Abstract
Point-of-care MARS imaging systems address the needs of orthopaedic clinicians by providing high-resolution imaging of bone structure (cortical and trabecular detail) and the bone-metal interface (orthopaedic implants), soft tissue differentiation (ligaments and tendons) and bone composition (calcium and bone oedema). Point-of-care scanning for better patient access combined with excellent imaging characteristics will result in a more predictable outcome for orthopaedic patients.
The two most common diagnostic tools used in orthopaedics are CT (multislice and cone beam) and MRI. CT typically has good spatial resolution for diagnosing conditions of the bone and joint, and cone beam CT is often available at point-of-care for scanning extremities. However, CT suffers from poor soft tissue differentiation and lacks information pertaining to bone quality. MRI provides detailed images of soft tissues but is slow, has poor spatial resolution, and cannot be used for patients with either claustrophobia or metallic implants.

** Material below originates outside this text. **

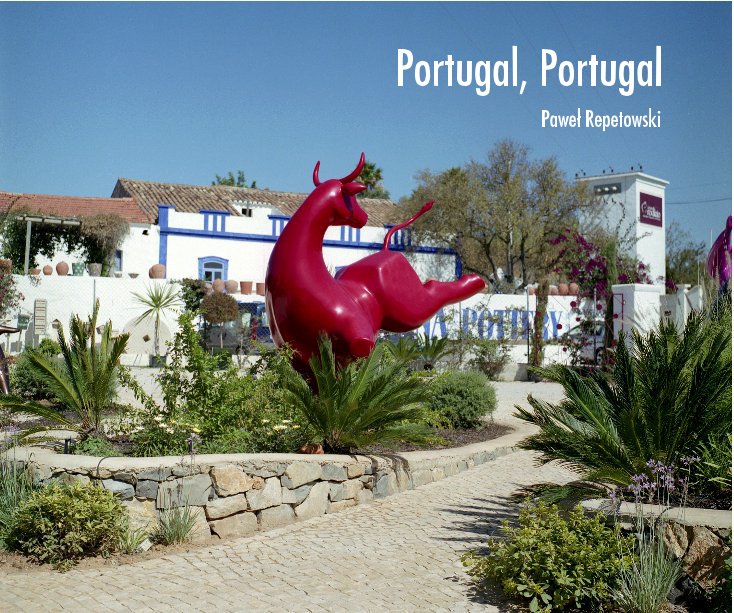 View Portugal, Portugal by Paweł Repetowski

Moreover, the infrastructure and cost required to install latest-generation CT and MRI systems typically prevent availability of this technology in regional hospitals and smaller medical centres, reducing patient accessibility.
Spectral photon-counting CT (SPCCT), embodied in MARS scanners, works to address the above-mentioned limitations of imaging in orthopaedics. Firstly, similar to cone beam CT, the technique is available at point-of-care in compact scanners, reducing cost and improving patient access. Secondly, SPCCT has higher spatial resolution (~100 um) than standard CT (300 um), thus providing enhanced bone imaging. Finally, the spectral nature of the data offers improved soft tissue contrast (ligaments and tendons), bone quality measures (calcium maps and bone oedema) and bone-metal interface imaging.